Cloning And Expression Of Sucrose Phosphate Synthase Gene From Sugar Beet (Beta Vulgaris L.) And Its Genetic Transformation

Sugar beet is an important economic crop. It is necessary to study those enzymes which are correlative with sugar synthesis for the reason that the yield of sugar in sugar beet is one of the important standards for strain selection of sugar beet. Sucrose Phosphate Synthase (SPS) is believed to represent a key enzyme in controlling sucrose biosynthesis. SPS plays an important role in regulating the partition of photoproduct and sucrose accumulation in sink cell. Our studies focus on SPS gene as follows:1. A cDNA clone encoding a sucrose phosphate synthase from sugar beet (BvSPS 1) has been isolated from tap root of sugar beet. Analysis of the nucleotide sequence indicated that the cDNA of BvSPS1 was 3138 bp in length with an open reading frame encoding 1045 amino acids corresponding to a protein with a predicted molecular weight of 118 kDa. There was a transmembrane domain between Val561-Val593 . Sequence comparison of the predicted amino acid sequence with deduced SPS protein sequences from grape and tobacco showed that SPS proteins were highly conserved.

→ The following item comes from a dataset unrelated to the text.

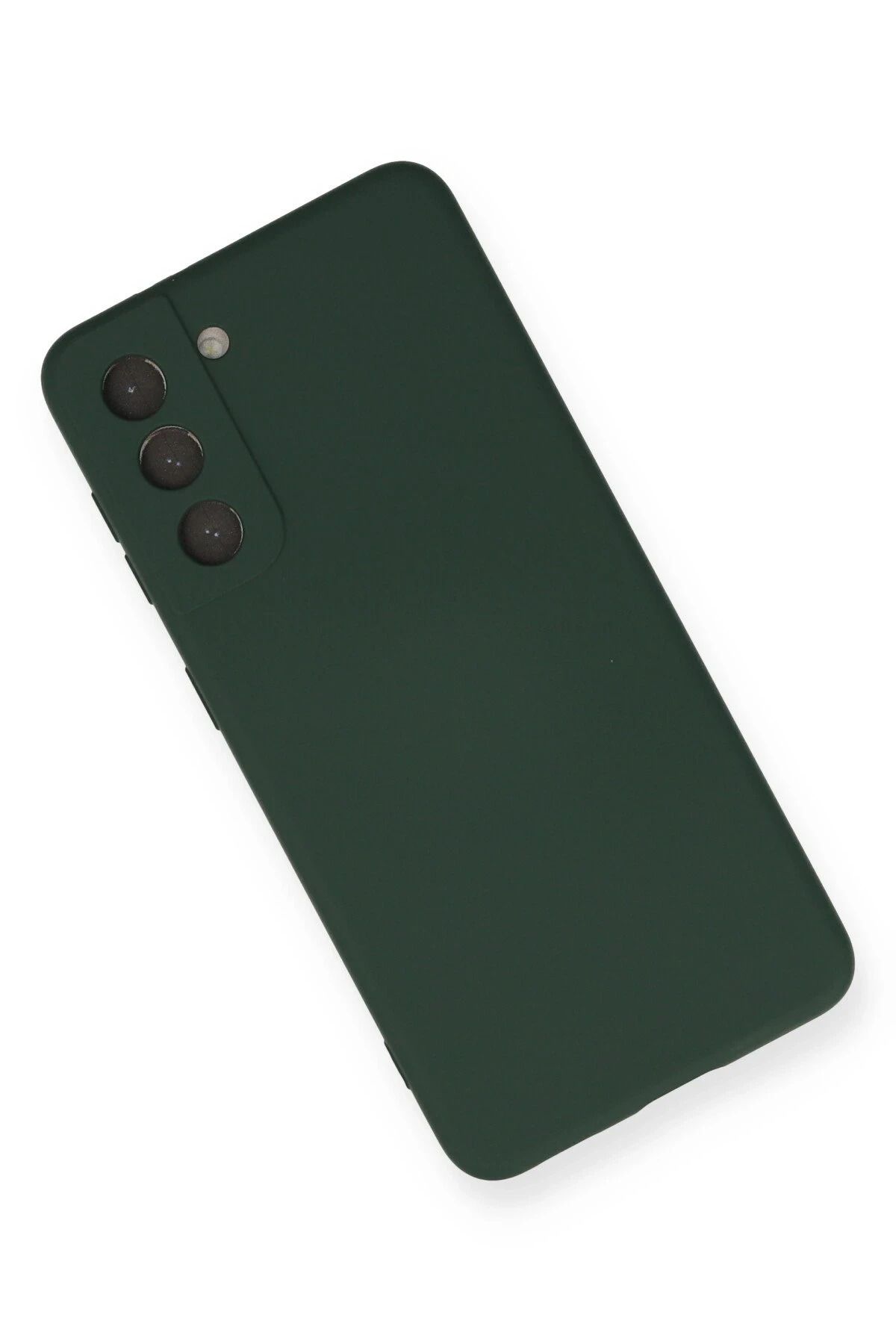 NewFace Galaxy S21 FE uyumlu Kılıf Nano içi Kadife Silikon - Koyu Yeşil SVLRS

The identity of SPS from sugar beet and SPS from grape and tobacco were 75.45 % and 74.59% respectively.2. RT-PCR result showed that BvSPS1 was expressed most predominant in tap root and was expressed in an organ-specific manner. The highest amounts of SPS transcript was observed in tap roots, which the same result was found in assays of Enzyme activity. The study on the factors that can influence expression of BvSPS1 showed that glucose can enhance the expression of BvSPS1 with accumulation of time.3. A genetic transformation system has been established by the study of regeneration of petioles from sugar beet. We found that the most effective medium for regeneration with 6-BA 1.0 mg/L, IAA 0.3 mg/L, which the regeneration ratio reached 14.0% . Based on the studies, we transferred BvSPS1 into sugar beet using agroinfection and obtained positive transgenic plants which have been confirmed by PCR.We made conclusions on characterization and function of BvSPS1 gene at molecular level. Meanwhile, we hope that we could make further research on BvSPS1 gene by obtaining transgenic plants.